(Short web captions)
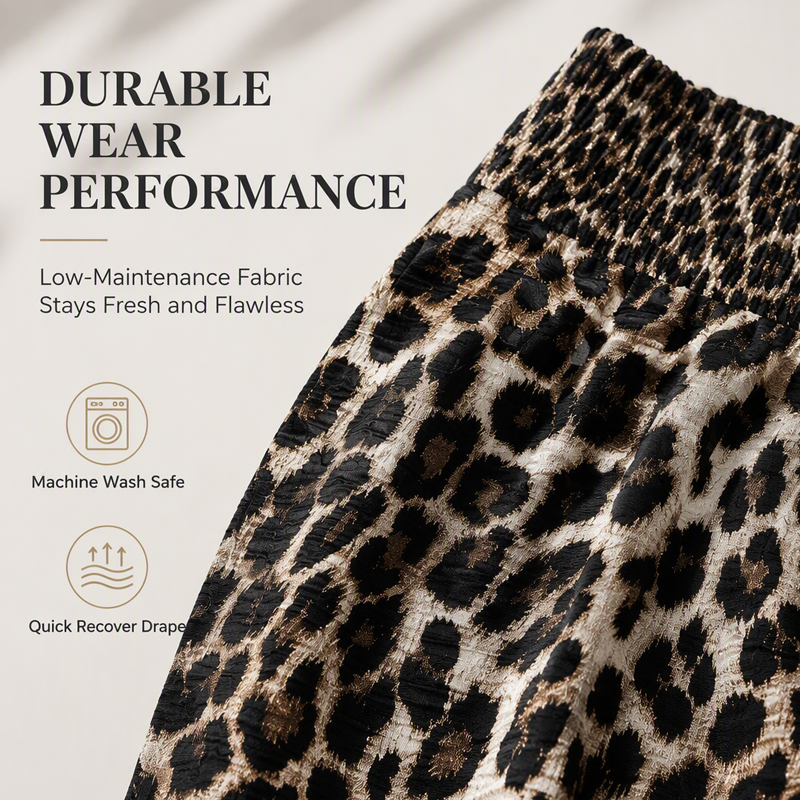 ✨New Arrival🍂Women's Elegant Flowy Palazzo Pants – High-Waisted Comfort & Effortless Style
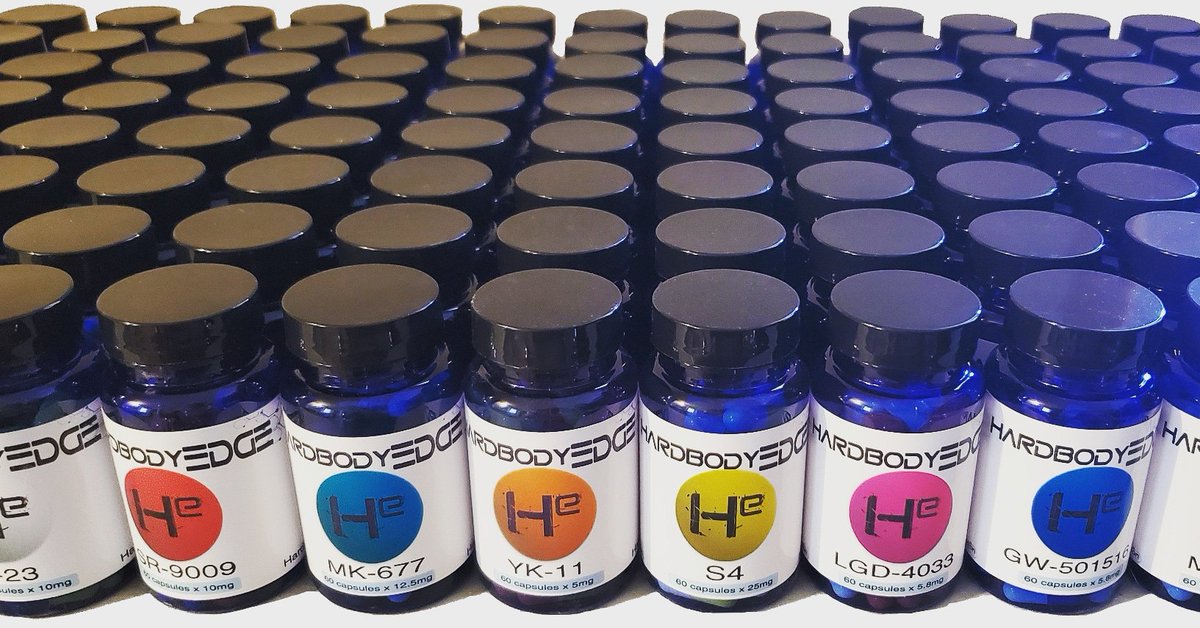 HardbodyEdge's tweet photo. Through the coming months will be launching payment method coupons, offering our deepest bargains! Our goal is to promote the use of new payment methods, while making some awesome deals available for the rest of summer!
#sarm #sarms #testolone #ostarine #s4 #ligandrol #osta #lgd https://t.co/o0crUVQ0cH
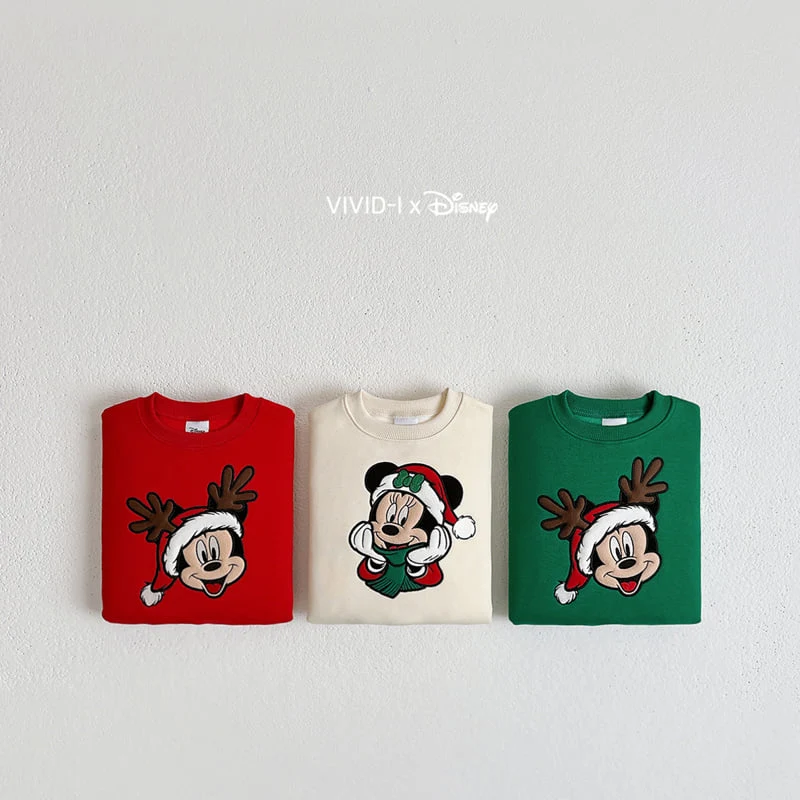 Vivid I - Korean Children Fashion - #littlefashionista - M Christmas Sweatshirts - 3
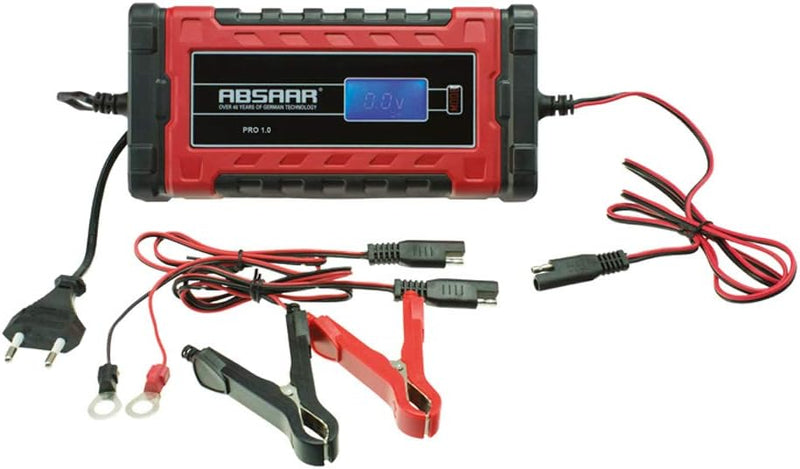 Absaar AB-PRO1 Batterieladegerät PRO1.0 1A 6/12V, 1A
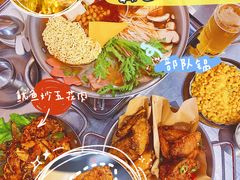 -富乐满韩国正宗炸鸡韩国料理(虹泉路店)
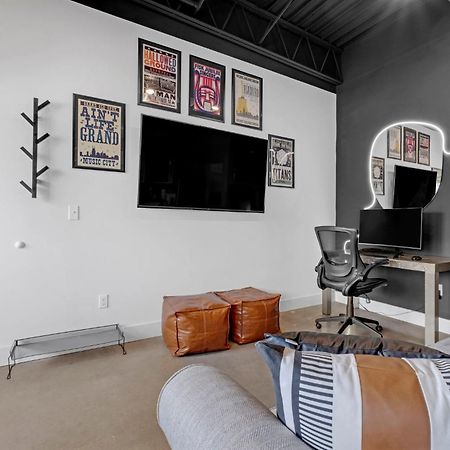 New Studio Sleeps 4 - 7 Mins To Dwtn Nashville Exterior foto
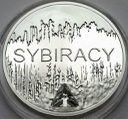 10 zł złotych 2008 Sybiracy, stan L
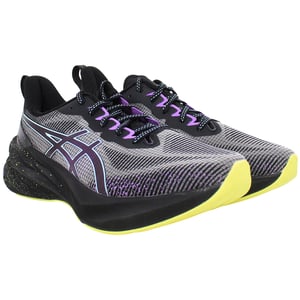 Asics Novablast 3 LE Damen Schwarze Laufschuhe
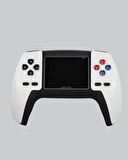 520 Klasik Oyunlu P5™ ControllerView Retro Konsol – Şarjlı, AV Giriş Destekli, Ergonomik Tasarım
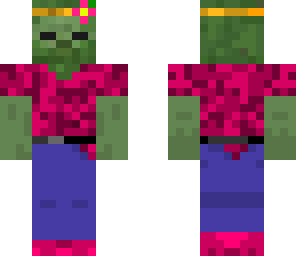 groovy pink zombie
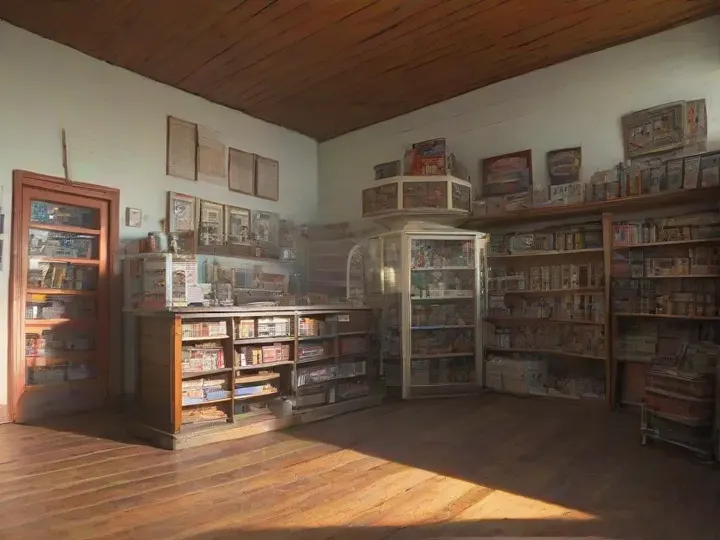 Illustration of Ace's Anime & Collectibles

TASK REQUIREMENTS:
The copy must start at the line containing "#sarm #sarms #testolone" and end at the last line of the records, matching each line exactly and holding no pictures.

SOLUTION:
#sarm #sarms #testolone #ostarine #s4 #ligandrol #osta #lgd https://t.co/o0crUVQ0cH
 Vivid I - Korean Children Fashion - #littlefashionista - M Christmas Sweatshirts - 3
 Absaar AB-PRO1 Batterieladegerät PRO1.0 1A 6/12V, 1A
 -富乐满韩国正宗炸鸡韩国料理(虹泉路店)
 New Studio Sleeps 4 - 7 Mins To Dwtn Nashville Exterior foto
 10 zł złotych 2008 Sybiracy, stan L
 Asics Novablast 3 LE Damen Schwarze Laufschuhe
 520 Klasik Oyunlu P5™ ControllerView Retro Konsol – Şarjlı, AV Giriş Destekli, Ergonomik Tasarım
 groovy pink zombie
 Illustration of Ace's Anime & Collectibles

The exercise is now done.